*** RECORDS PROVIDED ***

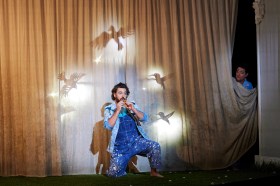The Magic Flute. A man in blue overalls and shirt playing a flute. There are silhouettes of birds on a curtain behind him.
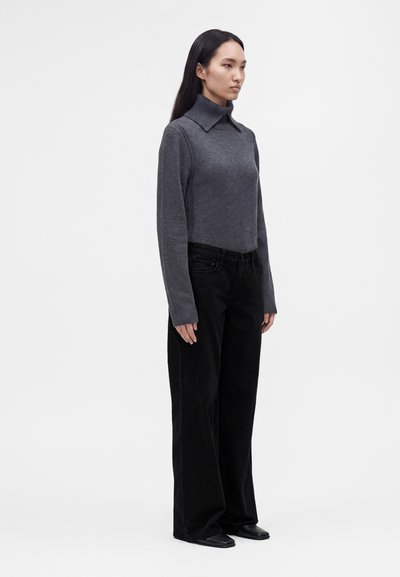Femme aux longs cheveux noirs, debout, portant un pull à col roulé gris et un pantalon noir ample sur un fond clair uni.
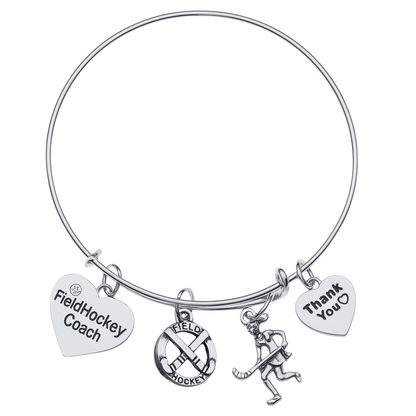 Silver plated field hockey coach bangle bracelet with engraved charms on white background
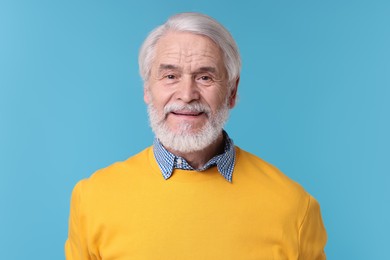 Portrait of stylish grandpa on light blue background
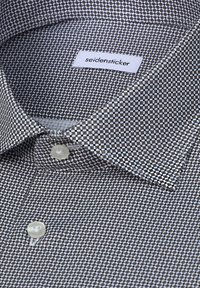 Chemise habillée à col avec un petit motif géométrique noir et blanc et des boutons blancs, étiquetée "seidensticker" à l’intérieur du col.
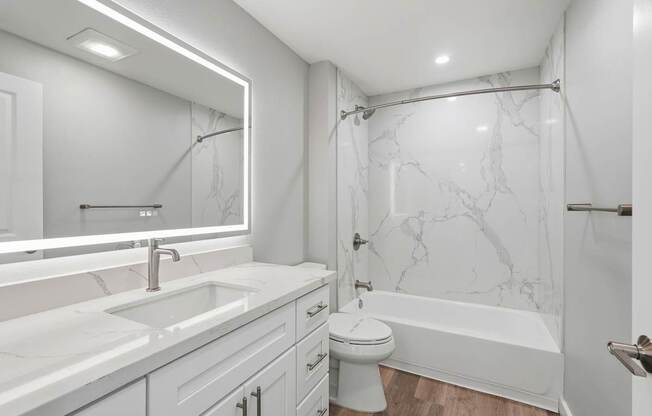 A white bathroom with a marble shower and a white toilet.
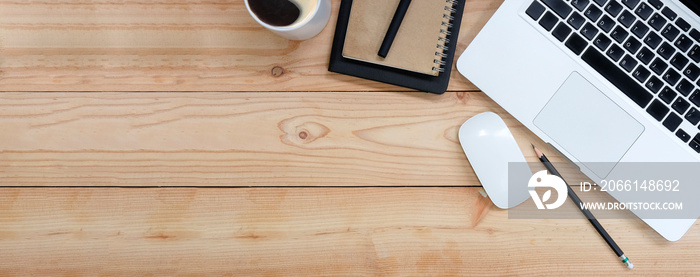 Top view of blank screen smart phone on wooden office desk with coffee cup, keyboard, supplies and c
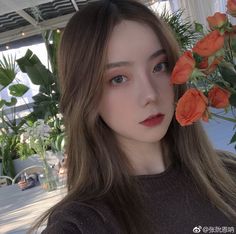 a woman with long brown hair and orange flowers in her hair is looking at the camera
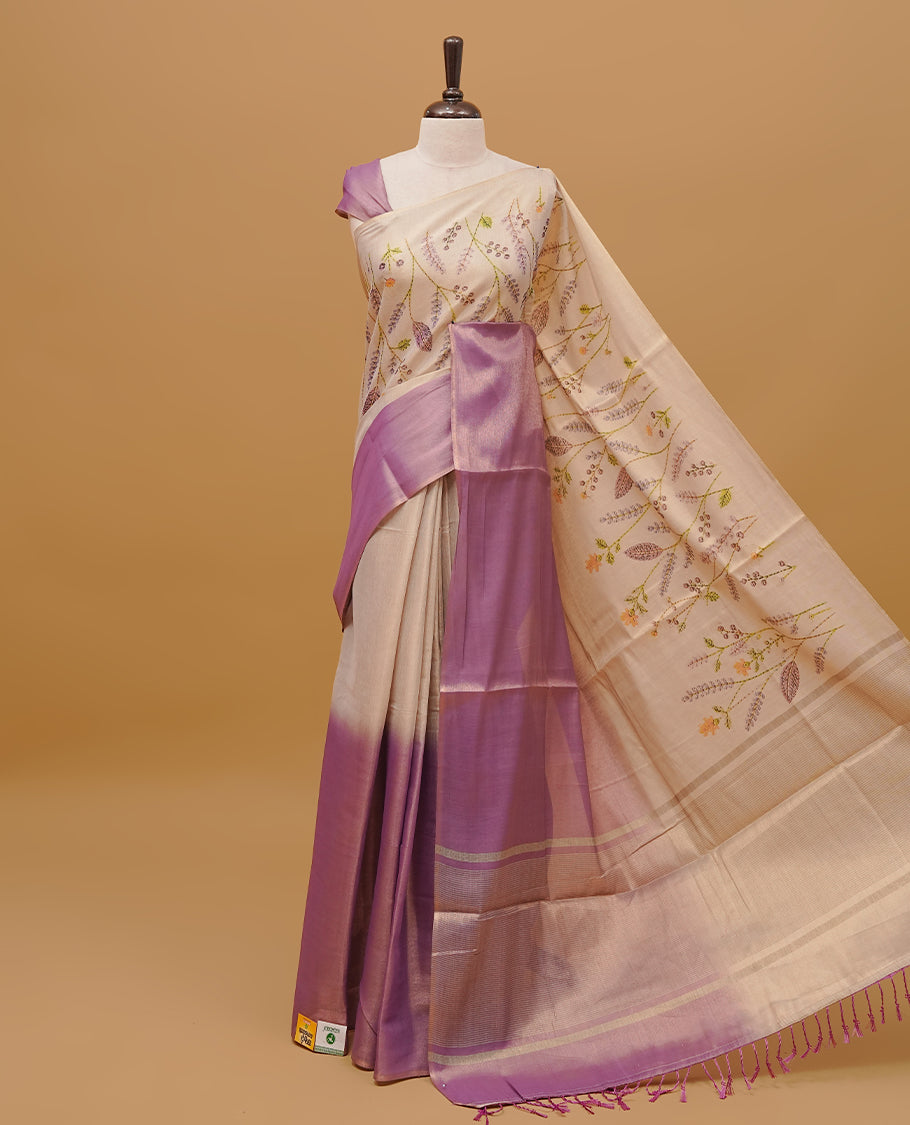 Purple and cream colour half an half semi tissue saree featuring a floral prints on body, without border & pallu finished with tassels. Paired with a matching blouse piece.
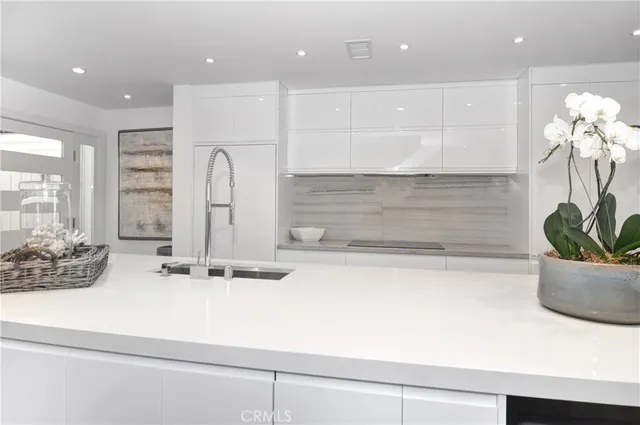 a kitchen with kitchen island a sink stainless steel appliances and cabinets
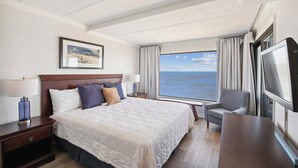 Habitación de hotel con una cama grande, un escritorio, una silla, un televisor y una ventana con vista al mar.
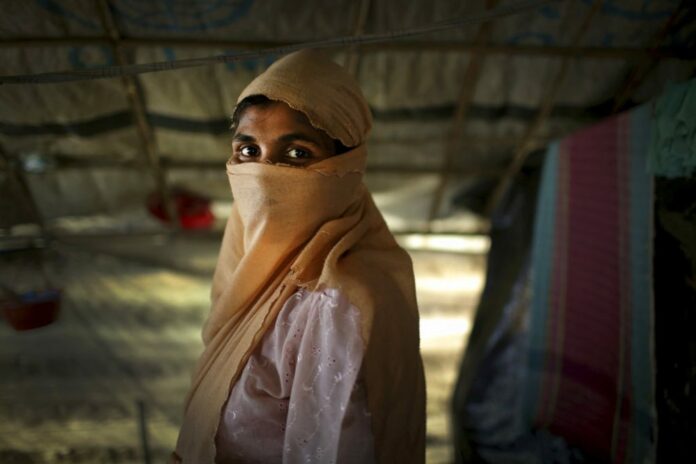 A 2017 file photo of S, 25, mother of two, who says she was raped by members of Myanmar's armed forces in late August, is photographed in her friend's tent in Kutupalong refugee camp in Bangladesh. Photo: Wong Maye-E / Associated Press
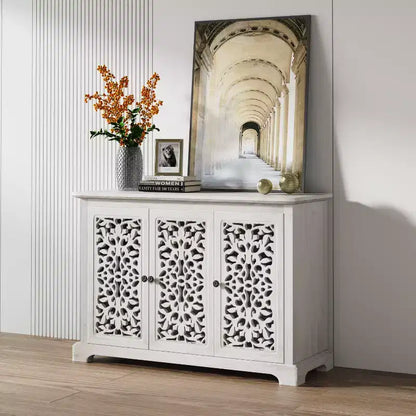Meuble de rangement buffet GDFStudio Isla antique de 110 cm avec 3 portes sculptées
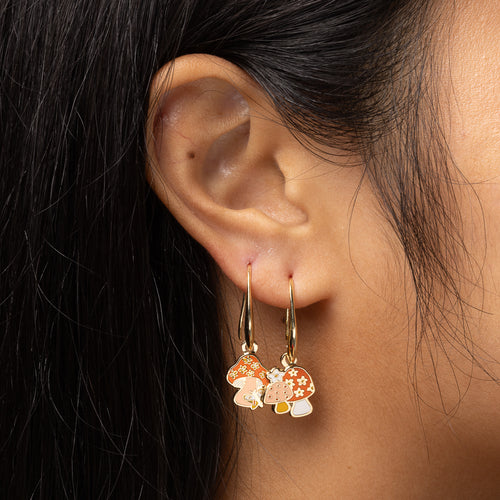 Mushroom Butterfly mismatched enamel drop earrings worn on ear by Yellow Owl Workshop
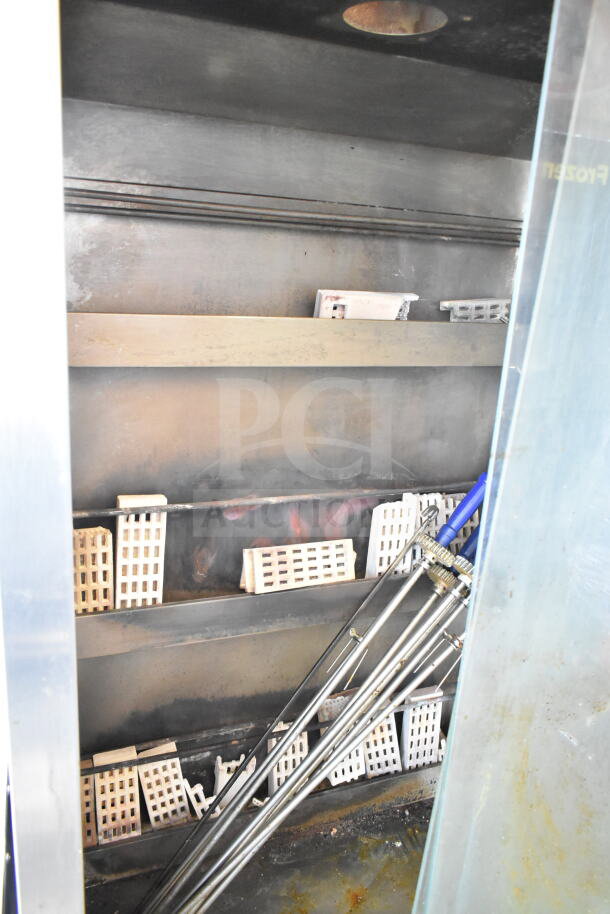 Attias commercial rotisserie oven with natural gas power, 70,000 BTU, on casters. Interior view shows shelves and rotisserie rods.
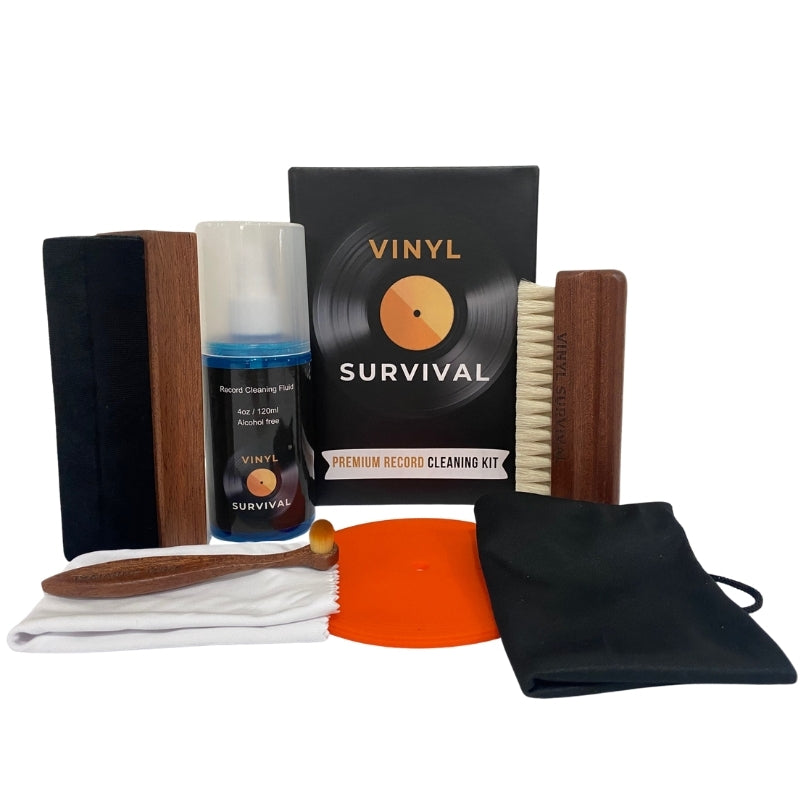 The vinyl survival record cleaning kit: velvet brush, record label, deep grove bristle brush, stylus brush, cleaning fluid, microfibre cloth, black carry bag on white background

***

In the entries above, find the line containing "Portrait of stylish" and the line containing "A 2017 file", then copy both and every line between them exactly, without any picture.

 Portrait of stylish grandpa on light blue background
 Chemise habillée à col avec un petit motif géométrique noir et blanc et des boutons blancs, étiquetée "seidensticker" à l’intérieur du col.
 A white bathroom with a marble shower and a white toilet.
 Top view of blank screen smart phone on wooden office desk with coffee cup, keyboard, supplies and c
 a woman with long brown hair and orange flowers in her hair is looking at the camera
 Purple and cream colour half an half semi tissue saree featuring a floral prints on body, without border & pallu finished with tassels. Paired with a matching blouse piece.
 a kitchen with kitchen island a sink stainless steel appliances and cabinets
 Habitación de hotel con una cama grande, un escritorio, una silla, un televisor y una ventana con vista al mar.
 A 2017 file photo of S, 25, mother of two, who says she was raped by members of Myanmar's armed forces in late August, is photographed in her friend's tent in Kutupalong refugee camp in Bangladesh. Photo: Wong Maye-E / Associated Press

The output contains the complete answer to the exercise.